Blunden was born in 1896, and thus was ten years Sassoon's junior. Had they met during the war, their relationship might have been very different. Blunden was at Oxford with Graves after the war, but did not stay the course. This may have had something to do with his decision to marry, in 1918. He and his wife Mary moved into a tiny cottage in Boars Hill, an area also frequented by Graves and Sassoon in the immediate post-war period, although it was some time before he and Sassoon became close friends. Some years ago, the SSF visited the house; in our company was Margi Blunden, one of Blunden's daughters from a later marriage; she was astonished to see how small it was.
On that occasion, Margi told us the sad story of how Blunden and his wife Mary had lost their first child, a daughter named Joy, as a result of being sold contaminated baby milk. The child was only a few weeks old when she died, and her father's grief inspired him to write a number of poems. It was barely a year since Blunden had seen service on the Western Front during the Great War; there he had experienced things as dreadful as what Sassoon and Owen had faced.

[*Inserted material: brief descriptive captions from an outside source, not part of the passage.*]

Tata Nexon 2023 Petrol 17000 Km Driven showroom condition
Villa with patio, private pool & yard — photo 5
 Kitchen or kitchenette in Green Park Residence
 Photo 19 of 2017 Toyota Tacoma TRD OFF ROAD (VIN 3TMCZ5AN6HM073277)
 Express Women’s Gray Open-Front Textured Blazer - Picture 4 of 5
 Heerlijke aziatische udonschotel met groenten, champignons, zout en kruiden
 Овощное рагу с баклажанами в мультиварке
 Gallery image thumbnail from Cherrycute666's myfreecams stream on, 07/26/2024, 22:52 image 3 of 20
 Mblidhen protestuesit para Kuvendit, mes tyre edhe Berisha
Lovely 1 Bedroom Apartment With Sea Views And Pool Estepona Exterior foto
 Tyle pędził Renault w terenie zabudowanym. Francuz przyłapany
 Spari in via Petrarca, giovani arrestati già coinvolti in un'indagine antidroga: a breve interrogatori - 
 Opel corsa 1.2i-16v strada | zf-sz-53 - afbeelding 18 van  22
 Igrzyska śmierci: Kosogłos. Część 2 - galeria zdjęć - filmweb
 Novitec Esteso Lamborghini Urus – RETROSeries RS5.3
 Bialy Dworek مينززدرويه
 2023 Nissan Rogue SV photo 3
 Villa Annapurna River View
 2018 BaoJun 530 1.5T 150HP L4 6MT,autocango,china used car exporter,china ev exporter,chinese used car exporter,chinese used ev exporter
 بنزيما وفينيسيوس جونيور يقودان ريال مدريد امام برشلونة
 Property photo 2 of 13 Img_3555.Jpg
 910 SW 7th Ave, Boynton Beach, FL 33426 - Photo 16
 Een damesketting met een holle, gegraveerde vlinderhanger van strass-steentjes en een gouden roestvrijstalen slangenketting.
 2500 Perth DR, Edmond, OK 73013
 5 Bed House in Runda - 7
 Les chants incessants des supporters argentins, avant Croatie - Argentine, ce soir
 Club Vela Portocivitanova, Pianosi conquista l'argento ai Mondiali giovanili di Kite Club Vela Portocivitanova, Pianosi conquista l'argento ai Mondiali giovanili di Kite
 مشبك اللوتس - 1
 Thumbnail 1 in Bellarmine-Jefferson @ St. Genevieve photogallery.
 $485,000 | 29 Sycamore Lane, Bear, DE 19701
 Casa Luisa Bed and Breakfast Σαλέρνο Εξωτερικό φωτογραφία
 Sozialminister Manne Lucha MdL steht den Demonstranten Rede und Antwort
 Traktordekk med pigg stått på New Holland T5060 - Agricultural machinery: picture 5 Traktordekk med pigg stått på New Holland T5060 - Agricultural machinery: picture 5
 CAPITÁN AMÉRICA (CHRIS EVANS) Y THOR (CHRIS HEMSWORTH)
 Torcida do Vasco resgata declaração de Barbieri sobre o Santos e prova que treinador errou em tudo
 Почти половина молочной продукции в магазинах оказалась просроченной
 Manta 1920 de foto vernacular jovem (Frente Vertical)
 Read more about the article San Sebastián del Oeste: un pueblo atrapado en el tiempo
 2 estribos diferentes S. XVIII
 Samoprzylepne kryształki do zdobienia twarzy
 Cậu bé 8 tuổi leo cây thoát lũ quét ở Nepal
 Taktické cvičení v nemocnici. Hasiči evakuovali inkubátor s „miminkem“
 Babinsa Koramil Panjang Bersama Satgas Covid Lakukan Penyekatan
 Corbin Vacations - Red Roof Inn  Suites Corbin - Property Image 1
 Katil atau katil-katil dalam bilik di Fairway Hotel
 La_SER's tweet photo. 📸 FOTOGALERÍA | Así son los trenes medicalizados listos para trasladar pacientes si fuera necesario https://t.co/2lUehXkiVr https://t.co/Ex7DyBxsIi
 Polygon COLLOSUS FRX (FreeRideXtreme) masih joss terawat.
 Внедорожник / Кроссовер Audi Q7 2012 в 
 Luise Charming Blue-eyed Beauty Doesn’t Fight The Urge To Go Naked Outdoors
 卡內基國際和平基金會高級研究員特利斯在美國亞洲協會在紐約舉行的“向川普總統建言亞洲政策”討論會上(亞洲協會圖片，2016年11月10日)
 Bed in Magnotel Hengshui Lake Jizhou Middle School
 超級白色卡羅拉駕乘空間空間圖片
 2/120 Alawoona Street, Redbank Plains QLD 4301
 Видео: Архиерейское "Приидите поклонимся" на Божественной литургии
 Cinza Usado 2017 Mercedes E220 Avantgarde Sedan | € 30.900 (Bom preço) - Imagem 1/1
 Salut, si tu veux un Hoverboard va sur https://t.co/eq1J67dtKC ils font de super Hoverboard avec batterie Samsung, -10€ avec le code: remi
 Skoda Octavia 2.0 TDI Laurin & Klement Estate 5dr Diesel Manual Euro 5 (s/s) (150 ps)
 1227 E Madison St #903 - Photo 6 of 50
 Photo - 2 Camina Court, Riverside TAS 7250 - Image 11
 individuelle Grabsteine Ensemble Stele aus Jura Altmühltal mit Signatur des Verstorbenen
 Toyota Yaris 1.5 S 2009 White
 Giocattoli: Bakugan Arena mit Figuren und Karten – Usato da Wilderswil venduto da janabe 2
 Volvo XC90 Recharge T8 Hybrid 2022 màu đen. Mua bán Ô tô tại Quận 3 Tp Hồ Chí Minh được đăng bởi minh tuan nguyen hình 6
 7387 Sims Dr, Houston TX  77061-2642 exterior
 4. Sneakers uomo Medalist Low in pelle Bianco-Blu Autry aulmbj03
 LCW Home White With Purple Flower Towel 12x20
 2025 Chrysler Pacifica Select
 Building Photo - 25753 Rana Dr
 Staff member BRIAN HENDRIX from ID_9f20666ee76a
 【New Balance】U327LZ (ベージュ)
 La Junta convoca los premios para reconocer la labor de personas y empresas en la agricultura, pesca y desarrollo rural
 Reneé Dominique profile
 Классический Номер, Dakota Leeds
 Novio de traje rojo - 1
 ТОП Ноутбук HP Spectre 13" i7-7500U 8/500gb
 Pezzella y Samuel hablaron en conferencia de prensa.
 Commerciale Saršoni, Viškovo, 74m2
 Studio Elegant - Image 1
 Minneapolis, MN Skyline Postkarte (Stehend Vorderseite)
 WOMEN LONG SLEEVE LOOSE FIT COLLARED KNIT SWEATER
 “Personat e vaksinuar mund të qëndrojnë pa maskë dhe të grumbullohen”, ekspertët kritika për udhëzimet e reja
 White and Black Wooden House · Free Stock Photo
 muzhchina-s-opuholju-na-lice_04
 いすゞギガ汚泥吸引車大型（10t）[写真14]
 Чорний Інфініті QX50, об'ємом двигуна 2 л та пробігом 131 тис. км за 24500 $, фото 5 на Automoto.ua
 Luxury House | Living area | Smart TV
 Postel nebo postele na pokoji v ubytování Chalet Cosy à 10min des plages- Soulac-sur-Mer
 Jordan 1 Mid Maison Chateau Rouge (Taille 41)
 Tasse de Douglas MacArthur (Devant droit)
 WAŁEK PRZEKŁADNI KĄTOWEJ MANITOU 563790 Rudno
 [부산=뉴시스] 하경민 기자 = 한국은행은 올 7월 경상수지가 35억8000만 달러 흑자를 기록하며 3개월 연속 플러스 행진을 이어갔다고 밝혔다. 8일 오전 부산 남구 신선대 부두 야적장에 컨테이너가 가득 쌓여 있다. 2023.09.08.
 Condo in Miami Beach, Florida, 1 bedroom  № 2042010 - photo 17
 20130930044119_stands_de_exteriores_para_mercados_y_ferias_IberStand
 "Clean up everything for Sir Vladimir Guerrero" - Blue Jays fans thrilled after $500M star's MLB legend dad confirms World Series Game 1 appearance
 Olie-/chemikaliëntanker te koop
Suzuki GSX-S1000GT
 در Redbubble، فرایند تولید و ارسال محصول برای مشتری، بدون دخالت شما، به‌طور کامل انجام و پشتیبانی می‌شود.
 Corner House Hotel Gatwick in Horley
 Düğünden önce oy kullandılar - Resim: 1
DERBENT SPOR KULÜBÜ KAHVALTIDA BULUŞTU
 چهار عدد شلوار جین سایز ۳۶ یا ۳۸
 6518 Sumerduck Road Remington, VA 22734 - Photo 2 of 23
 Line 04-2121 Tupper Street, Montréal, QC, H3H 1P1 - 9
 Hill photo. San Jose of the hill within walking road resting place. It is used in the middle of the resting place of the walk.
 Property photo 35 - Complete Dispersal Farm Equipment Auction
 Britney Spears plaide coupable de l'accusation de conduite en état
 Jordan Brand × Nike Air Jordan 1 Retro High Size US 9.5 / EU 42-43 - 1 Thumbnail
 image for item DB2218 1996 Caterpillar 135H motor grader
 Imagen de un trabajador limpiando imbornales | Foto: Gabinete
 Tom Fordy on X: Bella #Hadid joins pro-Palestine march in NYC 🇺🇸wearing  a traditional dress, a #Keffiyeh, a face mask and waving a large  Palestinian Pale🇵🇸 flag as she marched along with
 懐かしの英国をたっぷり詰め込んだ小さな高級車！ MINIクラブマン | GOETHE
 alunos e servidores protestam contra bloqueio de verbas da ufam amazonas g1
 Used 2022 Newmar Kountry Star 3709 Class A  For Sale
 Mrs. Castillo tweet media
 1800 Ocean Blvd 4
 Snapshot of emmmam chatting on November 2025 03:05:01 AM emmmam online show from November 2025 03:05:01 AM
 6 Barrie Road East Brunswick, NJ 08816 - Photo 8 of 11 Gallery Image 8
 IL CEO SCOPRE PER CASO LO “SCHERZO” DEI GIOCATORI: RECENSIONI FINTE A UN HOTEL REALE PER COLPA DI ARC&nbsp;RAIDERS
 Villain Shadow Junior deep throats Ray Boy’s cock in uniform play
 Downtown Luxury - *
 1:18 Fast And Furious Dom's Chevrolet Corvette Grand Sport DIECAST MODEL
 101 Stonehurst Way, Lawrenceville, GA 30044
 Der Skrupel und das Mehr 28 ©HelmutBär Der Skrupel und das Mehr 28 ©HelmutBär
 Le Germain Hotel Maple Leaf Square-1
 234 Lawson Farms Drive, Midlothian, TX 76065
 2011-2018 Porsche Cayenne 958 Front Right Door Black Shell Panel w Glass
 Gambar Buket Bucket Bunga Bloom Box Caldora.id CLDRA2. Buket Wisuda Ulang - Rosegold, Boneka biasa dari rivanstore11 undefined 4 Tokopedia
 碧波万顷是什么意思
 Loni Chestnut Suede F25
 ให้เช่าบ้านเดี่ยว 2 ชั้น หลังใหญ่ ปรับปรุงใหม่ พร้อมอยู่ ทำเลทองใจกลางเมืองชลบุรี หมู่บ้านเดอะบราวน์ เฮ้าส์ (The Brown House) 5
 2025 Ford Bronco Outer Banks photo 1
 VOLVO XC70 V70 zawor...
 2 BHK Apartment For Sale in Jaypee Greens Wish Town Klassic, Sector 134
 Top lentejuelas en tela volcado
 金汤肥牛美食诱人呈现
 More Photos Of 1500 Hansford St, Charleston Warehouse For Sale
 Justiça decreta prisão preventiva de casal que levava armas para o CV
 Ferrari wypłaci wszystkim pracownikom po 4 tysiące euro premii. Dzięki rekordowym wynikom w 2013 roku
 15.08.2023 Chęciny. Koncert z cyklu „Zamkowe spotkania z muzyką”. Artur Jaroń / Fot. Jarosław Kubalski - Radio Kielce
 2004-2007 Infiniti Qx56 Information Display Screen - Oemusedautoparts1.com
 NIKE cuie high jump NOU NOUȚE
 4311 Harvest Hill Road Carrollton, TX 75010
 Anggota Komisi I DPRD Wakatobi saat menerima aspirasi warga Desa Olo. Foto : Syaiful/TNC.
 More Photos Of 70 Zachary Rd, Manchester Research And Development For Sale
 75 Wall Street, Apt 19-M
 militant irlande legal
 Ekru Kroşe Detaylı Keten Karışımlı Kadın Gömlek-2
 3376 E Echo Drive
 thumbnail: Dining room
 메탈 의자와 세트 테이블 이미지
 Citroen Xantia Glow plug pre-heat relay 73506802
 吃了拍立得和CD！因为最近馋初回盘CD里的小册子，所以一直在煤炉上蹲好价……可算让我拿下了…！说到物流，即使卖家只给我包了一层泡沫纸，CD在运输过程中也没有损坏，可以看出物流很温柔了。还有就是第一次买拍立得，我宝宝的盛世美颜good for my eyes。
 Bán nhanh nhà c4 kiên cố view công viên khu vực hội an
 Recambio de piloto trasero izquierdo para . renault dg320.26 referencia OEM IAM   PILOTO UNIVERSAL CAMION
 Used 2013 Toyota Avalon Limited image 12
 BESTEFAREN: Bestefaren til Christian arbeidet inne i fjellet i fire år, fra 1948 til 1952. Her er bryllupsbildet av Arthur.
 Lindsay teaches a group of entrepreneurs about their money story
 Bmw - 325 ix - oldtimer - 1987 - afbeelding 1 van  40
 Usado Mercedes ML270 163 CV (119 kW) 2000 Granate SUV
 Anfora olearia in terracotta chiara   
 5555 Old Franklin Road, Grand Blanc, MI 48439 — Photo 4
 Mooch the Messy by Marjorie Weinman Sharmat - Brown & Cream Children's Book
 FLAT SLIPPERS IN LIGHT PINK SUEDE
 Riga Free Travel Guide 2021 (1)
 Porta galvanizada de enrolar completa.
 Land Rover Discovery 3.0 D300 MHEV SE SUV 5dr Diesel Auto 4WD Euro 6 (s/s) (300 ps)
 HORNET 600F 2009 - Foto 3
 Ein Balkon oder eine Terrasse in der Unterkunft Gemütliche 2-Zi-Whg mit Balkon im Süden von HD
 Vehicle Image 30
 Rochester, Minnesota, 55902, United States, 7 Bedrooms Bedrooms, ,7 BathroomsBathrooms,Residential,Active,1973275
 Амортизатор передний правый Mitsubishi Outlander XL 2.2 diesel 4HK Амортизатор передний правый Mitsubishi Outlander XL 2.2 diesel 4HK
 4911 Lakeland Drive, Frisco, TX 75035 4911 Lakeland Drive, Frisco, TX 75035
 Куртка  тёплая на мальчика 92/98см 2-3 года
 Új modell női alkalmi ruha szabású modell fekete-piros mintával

No wonder he took offence at the content of Robert Graves's Goodbye to All That, published at around the same time. By 1928 he and Sassoon had become firm friends, having met through poetry rather than a short-lived wartime camaraderie. From their correspondence, Sassoon immediately recognised Blunden as a potential kindred spirit. It may even have been Blunden who introduced Sassoon to the work of Henry Vaughan, about which I have already written so much that you do not want to hear it again. They subsequently found further common ground in their mutual love of cricket, and it was Blunden who would later orchestrate a meeting between Sassoon and the young cricketer Dennis Silk, now President of the SSF, resulting in another firm and long-lasting friendship.
Blunden's marriage, adversely affected both by the trauma of Joy's death (even though they had another two children together) and later by Blunden's decision to take up an academic post in Japan, broke down in the late 1920s and the couple divorced in 1931. Blunden found some comfort in his relationship with Sylva, a writer, whom he married in 1933. There were no children from this second marriage, which ended in 1945. The Second World War brought further upheaval, and Blunden became friendly with a young student, Claire Poynting, who was studying at St Hilda's (by coincidence, my alma mater). Ironically, Claire's love of cricket was one of the things that brought them together.
Claire was the mother of Margi and another three daughters, and the love of cricket has extended into the next generation, with Margi's son Ted Miller being one of those who have won the "Man of the Match" award at our annual commemoration of the "Flower Show Match" at Matfield. Blunden's marriage to Claire finally brought him the settled family life and band of children he had hoped for, and which Siegfried Sassoon would have liked to emulate through his own marriage to Hester. Perhaps his reason for introducing Siegfried and Dennis had something to do with his understanding of Siegfried's longing for a son who would share his interests, since George Sassoon lived with his mother in Scotland and did not see as much of his father as both would have liked.
There is certainly no doubt that Sassoon's post-war life would have been a lot emptier without his friendship with Edmund Blunden. The picture shown is the famous photograph of the older Siegfried, flanked by Edmund and Dennis, sitting on the porch at Heytesbury House, listening to "Test Match Special".